Don't be surprised if you're experiencing remittance advice confusion, if National Government Services is your intermediary. After the April 5 claims system update, providers began receiving two RAs for some claims--one with the old OSCAR number and one with the new National Provider Identifier number, NGS explains in an email to providers. The problem took place only for contractors who transferred to HIGLAS, the intermediary notes.

And sometimes no electronic RAs are delivered, NGS adds in another email. NGS and the system maintainer are working to correct the problem.

Watch for CMS to issue final supplier standards in coming months now that the comment period for the proposed standards is closed. The American Association for Homecare urged CMS to implement a one-year transition to the new standards in its comments on the proposed rule.

And AAHomecare wants CMS to grant suppliers more flexibility in subcontracting for certain services, the trade group said in its comments.

CMS issued five new proposed standards and proposed revisions to existing standards in a Jan. 25 Federal Register notice (see Eli's HCW, Vol. XVII, No. 5).

Don't expect relief at the gas pump any time soon. The high price of crude oil is keeping gasoline prices high, notes the federal Energy Information Administration. While the supply of gas seems better than last spring, "record crude oil prices are nonetheless pushing current and expected gasoline prices to record levels," the EIA notes on its Web site.

The U.S. average price of gas is $3.30 per gallon as of April 14, the EIA notes. That's up nearly 6 cents per gallon from the previous week and about 50 cents from the same time last year.

The gas price Web site
www.gasbuddy.com puts that figure even higher, at $3.43 per gallon.

The West Coast has the highest average gas price at $3.66 per gallon while the Gulf Coast is the lowest at $3.28, the EIA says.

Need help figuring out CMS' confusing manual system? Now you can consult an online brochure that provides an overview of the online manuals, including the claims processing and benefit integrity manuals. The two-page brochure is at www.cms.hhs.gov/MLNProducts/downloads/onlinebrochure.pdf.

CMS' contractor for the Medicare Contractor Provider Satisfaction Survey is taking providers' feedback until the end of April, a CMS staffer noted in the April 2 Open Door Forum for home care providers.

So far 56 percent of HHAs, 53 percent of hospices, and 65 percent of suppliers have responded to the survey from Westat soliciting feedback on intermediaries and carriers. CMS' overall goal is a 65 percent response rate. CMS will publish the survey results in July.

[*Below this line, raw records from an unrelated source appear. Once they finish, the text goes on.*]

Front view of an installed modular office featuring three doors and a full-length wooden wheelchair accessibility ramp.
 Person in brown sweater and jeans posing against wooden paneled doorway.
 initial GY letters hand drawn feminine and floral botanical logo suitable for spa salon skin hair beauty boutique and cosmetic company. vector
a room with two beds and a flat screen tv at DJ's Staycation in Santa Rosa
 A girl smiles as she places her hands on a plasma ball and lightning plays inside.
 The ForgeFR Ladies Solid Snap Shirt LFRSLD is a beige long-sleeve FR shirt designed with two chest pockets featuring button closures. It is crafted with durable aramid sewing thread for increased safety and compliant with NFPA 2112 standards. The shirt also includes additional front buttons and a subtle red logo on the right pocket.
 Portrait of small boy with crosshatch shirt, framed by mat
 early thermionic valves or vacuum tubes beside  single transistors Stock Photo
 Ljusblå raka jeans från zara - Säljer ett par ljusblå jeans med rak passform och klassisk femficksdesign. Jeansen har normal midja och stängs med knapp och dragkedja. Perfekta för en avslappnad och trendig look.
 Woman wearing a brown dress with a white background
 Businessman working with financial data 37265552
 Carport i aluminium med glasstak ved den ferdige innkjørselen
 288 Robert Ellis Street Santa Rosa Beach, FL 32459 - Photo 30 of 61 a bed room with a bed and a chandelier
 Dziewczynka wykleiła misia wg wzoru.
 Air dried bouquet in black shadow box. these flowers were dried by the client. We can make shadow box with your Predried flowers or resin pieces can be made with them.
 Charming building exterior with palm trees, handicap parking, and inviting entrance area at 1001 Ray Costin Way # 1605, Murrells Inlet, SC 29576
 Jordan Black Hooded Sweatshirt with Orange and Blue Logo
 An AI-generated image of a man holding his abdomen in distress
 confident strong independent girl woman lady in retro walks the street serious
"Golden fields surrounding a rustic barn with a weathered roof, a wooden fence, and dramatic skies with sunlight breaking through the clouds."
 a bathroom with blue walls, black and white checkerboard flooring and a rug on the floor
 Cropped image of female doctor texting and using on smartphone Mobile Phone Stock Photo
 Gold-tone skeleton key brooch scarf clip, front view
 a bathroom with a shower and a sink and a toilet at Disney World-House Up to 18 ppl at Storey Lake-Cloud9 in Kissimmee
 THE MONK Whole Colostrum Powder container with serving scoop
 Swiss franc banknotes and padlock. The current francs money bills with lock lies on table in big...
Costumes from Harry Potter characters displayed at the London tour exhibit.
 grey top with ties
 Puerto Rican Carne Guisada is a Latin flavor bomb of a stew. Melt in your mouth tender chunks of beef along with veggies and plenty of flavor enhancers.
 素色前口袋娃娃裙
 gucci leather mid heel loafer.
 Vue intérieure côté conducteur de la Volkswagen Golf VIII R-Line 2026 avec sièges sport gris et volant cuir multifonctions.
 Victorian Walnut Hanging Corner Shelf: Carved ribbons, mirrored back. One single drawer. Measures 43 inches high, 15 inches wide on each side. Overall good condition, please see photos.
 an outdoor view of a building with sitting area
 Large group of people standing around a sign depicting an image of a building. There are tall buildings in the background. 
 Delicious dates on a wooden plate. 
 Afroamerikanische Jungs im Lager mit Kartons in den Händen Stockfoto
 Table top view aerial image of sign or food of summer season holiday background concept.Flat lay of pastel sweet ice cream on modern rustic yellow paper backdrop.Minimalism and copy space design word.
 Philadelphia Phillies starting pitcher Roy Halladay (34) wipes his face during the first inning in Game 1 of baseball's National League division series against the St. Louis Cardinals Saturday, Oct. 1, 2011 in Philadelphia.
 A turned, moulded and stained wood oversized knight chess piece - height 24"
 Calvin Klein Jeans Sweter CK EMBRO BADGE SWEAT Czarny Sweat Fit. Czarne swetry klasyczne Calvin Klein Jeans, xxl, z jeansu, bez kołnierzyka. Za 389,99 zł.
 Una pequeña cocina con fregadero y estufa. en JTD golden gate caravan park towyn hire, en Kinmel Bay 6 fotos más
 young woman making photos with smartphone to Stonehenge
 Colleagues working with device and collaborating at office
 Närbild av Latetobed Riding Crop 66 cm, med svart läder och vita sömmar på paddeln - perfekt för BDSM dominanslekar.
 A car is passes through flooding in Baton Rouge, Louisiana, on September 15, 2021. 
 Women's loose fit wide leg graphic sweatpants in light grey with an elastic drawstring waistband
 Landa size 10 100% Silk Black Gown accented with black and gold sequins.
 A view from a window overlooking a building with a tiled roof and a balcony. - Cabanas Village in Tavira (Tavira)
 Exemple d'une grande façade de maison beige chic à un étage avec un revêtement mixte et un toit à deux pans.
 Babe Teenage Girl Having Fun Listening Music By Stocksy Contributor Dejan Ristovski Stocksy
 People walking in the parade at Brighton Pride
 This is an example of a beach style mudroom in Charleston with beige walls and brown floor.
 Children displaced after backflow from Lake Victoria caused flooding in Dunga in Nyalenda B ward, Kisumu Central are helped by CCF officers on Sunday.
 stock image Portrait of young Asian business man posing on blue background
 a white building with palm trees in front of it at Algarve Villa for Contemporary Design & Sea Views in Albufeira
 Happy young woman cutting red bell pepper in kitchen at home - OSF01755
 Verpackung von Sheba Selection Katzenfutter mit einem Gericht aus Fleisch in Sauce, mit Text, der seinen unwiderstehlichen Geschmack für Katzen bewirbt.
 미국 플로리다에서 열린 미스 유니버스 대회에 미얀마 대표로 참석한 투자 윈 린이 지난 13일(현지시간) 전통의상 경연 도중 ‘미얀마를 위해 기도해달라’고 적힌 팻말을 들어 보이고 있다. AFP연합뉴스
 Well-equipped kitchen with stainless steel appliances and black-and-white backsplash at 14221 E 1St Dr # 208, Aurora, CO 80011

More information on the survey is at www.cms.hhs.gov/mcpss.

The HHS Office of Inspector General has loosened up its penalties when providers self-disclose compliance problems, but home care providers should still think twice about self-reporting problems to the OIG.

Inspector General Daniel Levinson issued an Open Letter to Health Care Providers on April 15. "Providers who disclose in good faith, fully cooperate with OIG, and provide requested information in a timely manner will generally not be required to enter into Corporate Integrity or Certification of Compli-ance Agreements with OIG," Levinson says in the Open Letter.

Previously, the OIG usually at least required a certification of compliance agreement.

But legal experts still advise providers to get good advice from counsel before deciding where to disclose compliance issues. Home care organizations generally should disclose to the OIG only for intentional wrongdoing, some suggest (see Eli's HCW, Vol. XV, No. 18).

Palmetto GBA ranked among the nation's top government contractors in a recent ratings report. The Ethisphere Institute rated Palmetto No. 10 nationally in the "10 Best Private Company Ethics Programs" category, and No. 33 in the "Best Ethics Programs Overall," Palmetto notes in a release.

Researchers from the Ethisphere Institute analyzed more than 1,000 federal government contractors as part of the 2008 ratings, says Palmetto, which serves as a regional home health intermediary, DME MAC, competitive bidding implementation contractor and program safeguard contractor, among other roles.